• _Recorded data_:
####
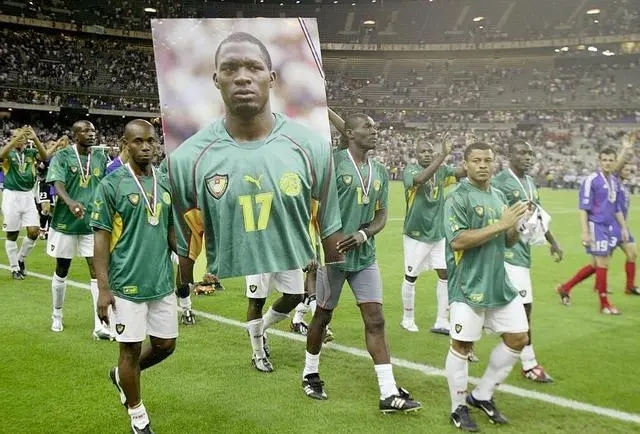 足坛经典照片双人,足坛十大经典高清照片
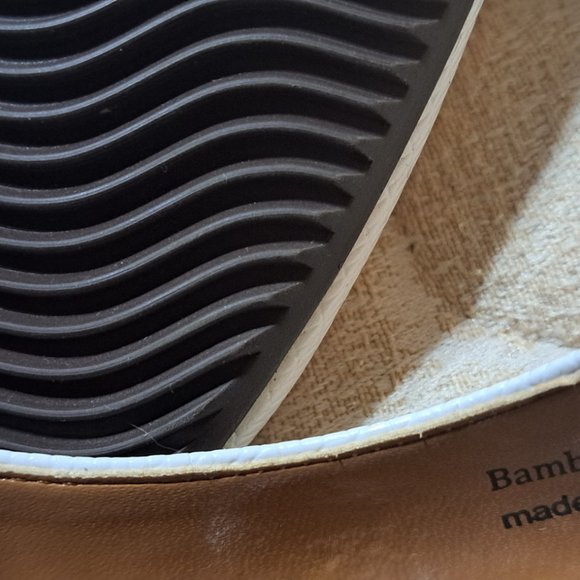 J Renee Bambilina white croco low heel pump wit gold band on heel size 8W - Picture 2 of 5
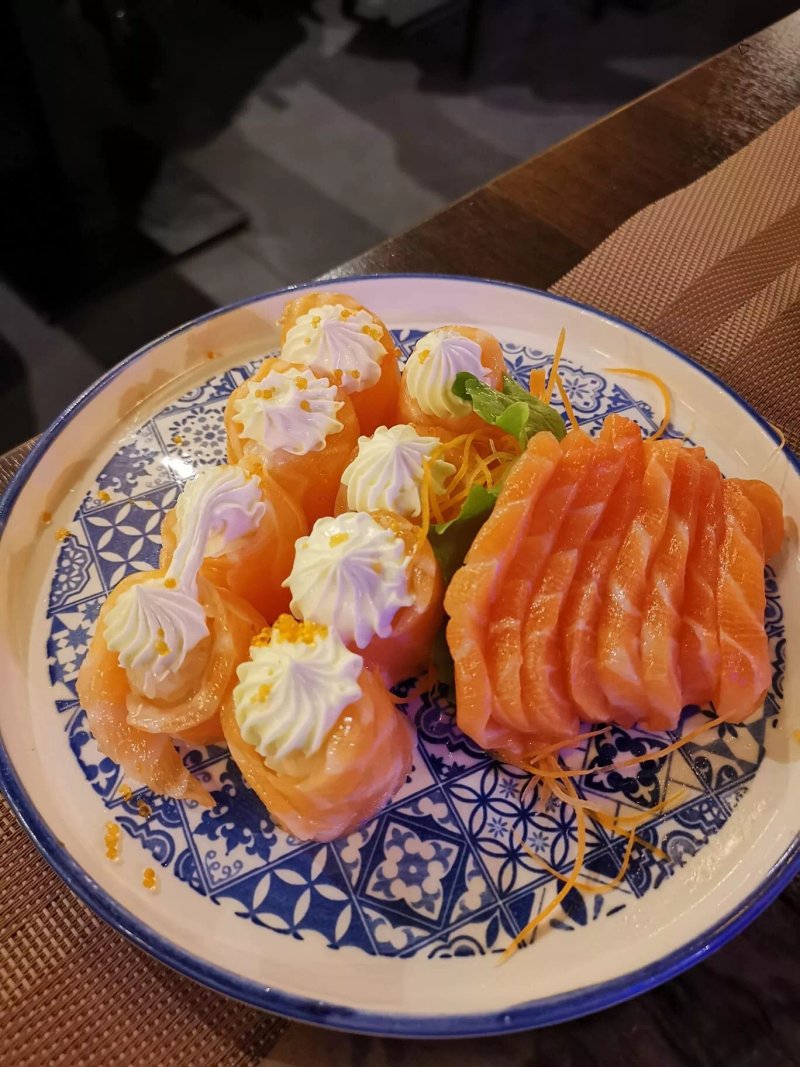 Tokyo Sushi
####
• _Activity_: Starting with the line that holds "J Renee Bambilina", retype each line through the last one in the listing above, exactly as written. Do not copy any pictures.

• _Solution to this problem_:
 J Renee Bambilina white croco low heel pump wit gold band on heel size 8W - Picture 2 of 5
 Tokyo Sushi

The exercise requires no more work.